Gun Assembly Required

The Jackal lines up a shot with his gun
Image: Peacock

I’m watching The Gorge, a made-for-Apple movie that isn’t very good but will do the job on a lazy weekend morning. The story here is that there’s a gorge. It’s a very deep gorge, and its contents are so potentially dangerous that all of the world’s superpowers have deemed it necessary to entrust 24-hour surveillance of the gorge to … two people. Who are stationed on opposite sides of the gorge. One of those guards is professional idiot Miles Teller. The other is living Vermeer painting Anya Taylor-Joy. These two highly trained super soldiers aren’t allowed contact with one another from their respective watch tower positions. That would compromise the security of the gorge, and we can’t have that. We must protect this gorge.
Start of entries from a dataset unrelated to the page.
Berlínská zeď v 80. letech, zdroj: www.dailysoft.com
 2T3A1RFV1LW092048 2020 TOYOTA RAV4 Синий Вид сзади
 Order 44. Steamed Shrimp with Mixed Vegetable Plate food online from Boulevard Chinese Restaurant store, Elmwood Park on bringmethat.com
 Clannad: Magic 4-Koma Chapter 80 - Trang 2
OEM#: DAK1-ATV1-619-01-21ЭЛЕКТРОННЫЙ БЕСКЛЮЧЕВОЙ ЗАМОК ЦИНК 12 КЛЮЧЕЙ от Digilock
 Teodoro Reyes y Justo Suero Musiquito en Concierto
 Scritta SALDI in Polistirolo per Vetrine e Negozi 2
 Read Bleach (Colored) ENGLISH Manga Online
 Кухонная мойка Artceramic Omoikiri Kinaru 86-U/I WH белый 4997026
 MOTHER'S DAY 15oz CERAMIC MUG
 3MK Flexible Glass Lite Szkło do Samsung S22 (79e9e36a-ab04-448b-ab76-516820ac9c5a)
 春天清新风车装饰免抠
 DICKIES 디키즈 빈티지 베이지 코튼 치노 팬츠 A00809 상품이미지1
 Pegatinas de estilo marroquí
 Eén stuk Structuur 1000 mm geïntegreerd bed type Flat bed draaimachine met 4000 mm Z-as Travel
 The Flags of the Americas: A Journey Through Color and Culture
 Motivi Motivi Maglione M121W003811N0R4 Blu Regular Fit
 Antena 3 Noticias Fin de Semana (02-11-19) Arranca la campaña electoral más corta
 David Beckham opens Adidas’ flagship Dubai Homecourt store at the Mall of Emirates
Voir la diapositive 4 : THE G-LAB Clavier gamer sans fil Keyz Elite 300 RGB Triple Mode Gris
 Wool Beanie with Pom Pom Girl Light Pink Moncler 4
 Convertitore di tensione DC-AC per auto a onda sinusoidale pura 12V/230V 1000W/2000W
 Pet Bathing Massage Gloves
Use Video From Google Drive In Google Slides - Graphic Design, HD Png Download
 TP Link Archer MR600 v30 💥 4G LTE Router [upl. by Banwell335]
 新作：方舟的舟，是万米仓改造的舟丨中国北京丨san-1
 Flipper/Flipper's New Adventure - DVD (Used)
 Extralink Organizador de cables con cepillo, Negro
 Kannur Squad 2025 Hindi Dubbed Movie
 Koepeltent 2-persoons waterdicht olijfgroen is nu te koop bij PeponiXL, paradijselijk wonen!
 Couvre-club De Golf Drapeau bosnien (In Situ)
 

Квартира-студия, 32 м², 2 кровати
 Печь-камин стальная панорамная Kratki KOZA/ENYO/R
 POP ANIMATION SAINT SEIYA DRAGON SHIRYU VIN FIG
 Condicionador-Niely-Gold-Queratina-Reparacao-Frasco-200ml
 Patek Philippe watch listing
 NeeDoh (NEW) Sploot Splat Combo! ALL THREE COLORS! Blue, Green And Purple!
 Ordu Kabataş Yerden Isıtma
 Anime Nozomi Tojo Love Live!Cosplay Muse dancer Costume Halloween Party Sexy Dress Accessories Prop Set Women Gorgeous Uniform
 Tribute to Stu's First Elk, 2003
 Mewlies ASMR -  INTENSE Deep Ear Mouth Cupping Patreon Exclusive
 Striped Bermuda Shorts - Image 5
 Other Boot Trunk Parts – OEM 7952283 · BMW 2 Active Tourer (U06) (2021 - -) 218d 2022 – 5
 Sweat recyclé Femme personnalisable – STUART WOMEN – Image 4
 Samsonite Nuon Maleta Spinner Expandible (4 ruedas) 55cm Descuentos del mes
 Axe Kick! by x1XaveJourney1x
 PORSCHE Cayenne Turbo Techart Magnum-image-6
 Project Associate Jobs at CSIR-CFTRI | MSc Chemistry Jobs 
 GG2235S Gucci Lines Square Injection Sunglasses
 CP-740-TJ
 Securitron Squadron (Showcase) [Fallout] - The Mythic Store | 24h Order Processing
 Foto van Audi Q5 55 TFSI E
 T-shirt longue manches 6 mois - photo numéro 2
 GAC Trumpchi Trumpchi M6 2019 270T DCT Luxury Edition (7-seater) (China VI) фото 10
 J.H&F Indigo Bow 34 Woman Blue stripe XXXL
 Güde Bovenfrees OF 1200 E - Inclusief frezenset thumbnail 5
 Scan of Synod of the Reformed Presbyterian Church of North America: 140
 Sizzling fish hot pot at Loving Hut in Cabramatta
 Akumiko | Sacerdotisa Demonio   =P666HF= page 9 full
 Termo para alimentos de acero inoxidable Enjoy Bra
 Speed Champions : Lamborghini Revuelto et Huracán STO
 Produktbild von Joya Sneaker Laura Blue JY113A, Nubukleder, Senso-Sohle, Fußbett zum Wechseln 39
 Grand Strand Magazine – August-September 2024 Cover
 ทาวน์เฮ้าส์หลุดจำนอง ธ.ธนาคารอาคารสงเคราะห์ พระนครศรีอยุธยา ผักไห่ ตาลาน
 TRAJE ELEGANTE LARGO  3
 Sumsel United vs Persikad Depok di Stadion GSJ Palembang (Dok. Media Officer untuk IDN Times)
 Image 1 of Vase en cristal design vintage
However, thanks to tactical binoculars and a truly fantastical ability to write legible signs, our gorge-crossed lovers meet-cute at a distance and, in keeping with the spirit of tired romantic comedy, even manage to dance to the Ramones together before they both fall into the gorge. Once stuck down there, they must spend the rest of the movie killing knockoff Last of Us zombies while trapped in a knockoff Upside Down from Stranger Things. As I’ve told you, this isn’t a very good movie. And yet I have to stick with it from the opening scene, and do you know why? Because of the gun.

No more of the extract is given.